Try it - Leaving the pictures aside, repeat the entries exactly.

──────── Data supplied

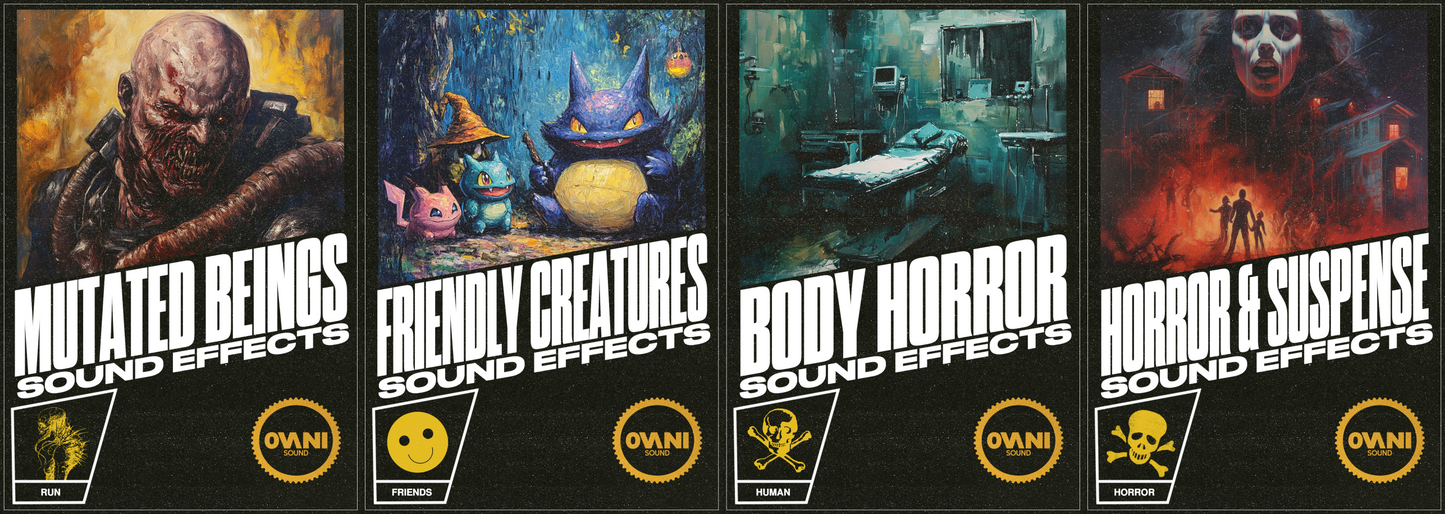 xxx-11/1/2024 Weekly Wav - Cave Creature Weekly WAV, Mutated Beings, Friendly Creatures, Body Horror, and Horror and Suspense Vol. 1 Sound FX Packs Bundle - Ovani Sound
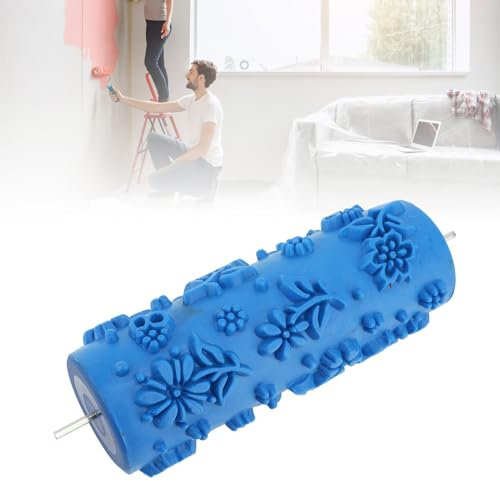 Pattern Paint Roller, 5 Inch Rubber Reusable Versatile Decorative Art Texture Roller, Brush Sleeve Texture Stencil Wall Decor DIY Tools Decorative Texture Roller for Wall Door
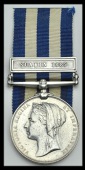 Egypt and Sudan 1882-89, undated reverse, 1 clasp, Suakin 1885 (16878 2/Corp. J. A. Ramage, 24th Co. R.E.) edge...
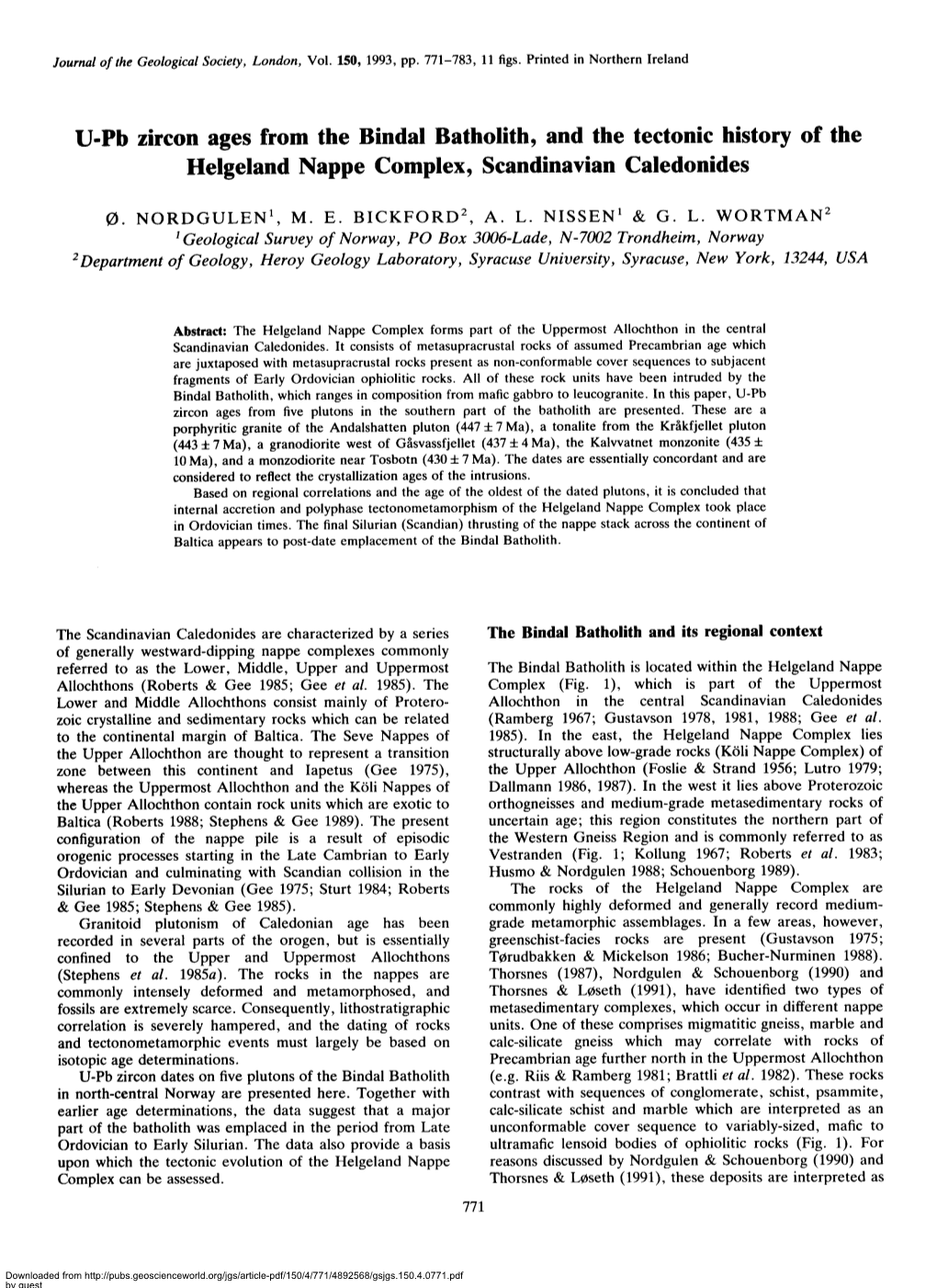 U-Pb Zircon Ages from the Bindal Batholith, and the Tectonic History of the Helgeland Nappe Complex, Scandinavian Caledonides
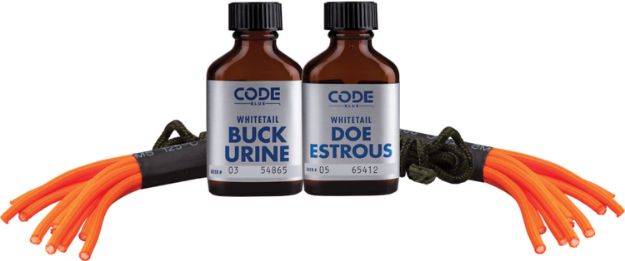 Picture of Code Blue Blue Double Drag Combo Deer Attractant Doe In Estrus/Buck Urine 2 Oz Double Drag System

────────────────

The completed task -
 xxx-11/1/2024 Weekly Wav - Cave Creature Weekly WAV, Mutated Beings, Friendly Creatures, Body Horror, and Horror and Suspense Vol. 1 Sound FX Packs Bundle - Ovani Sound
 Pattern Paint Roller, 5 Inch Rubber Reusable Versatile Decorative Art Texture Roller, Brush Sleeve Texture Stencil Wall Decor DIY Tools Decorative Texture Roller for Wall Door
 Egypt and Sudan 1882-89, undated reverse, 1 clasp, Suakin 1885 (16878 2/Corp. J. A. Ramage, 24th Co. R.E.) edge...
 U-Pb Zircon Ages from the Bindal Batholith, and the Tectonic History of the Helgeland Nappe Complex, Scandinavian Caledonides
 Picture of Code Blue Blue Double Drag Combo Deer Attractant Doe In Estrus/Buck Urine 2 Oz Double Drag System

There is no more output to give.